# [Activity]
Reproduce exactly, leaving out pictures, each line from the one holding "Golden Candle Wreath" through the final line of the listing, and add nothing.

# [Recorded information]

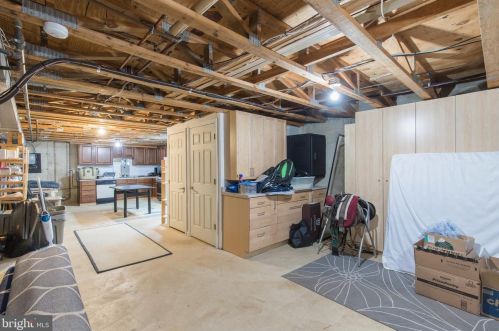 4 Northgate Vlg, Media PA 19063-2039 exterior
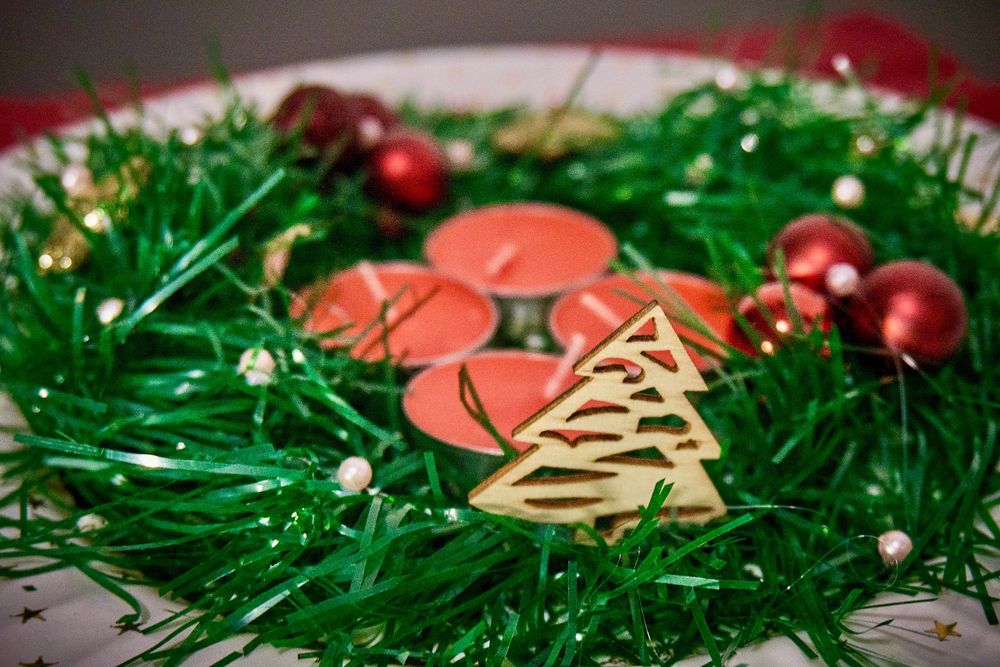 Golden Candle Wreath – Decorațiune handmade de Crăciun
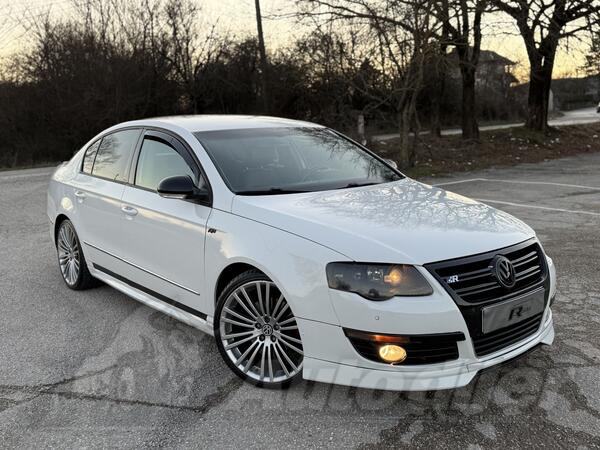 Volkswagen - Passat - 2.0 R LINE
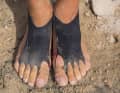 Special neoprene foot straps protect frequent surfers from open arches due to the foot straps.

# [Output for this exercise]
 Golden Candle Wreath – Decorațiune handmade de Crăciun
 Volkswagen - Passat - 2.0 R LINE
 Special neoprene foot straps protect frequent surfers from open arches due to the foot straps.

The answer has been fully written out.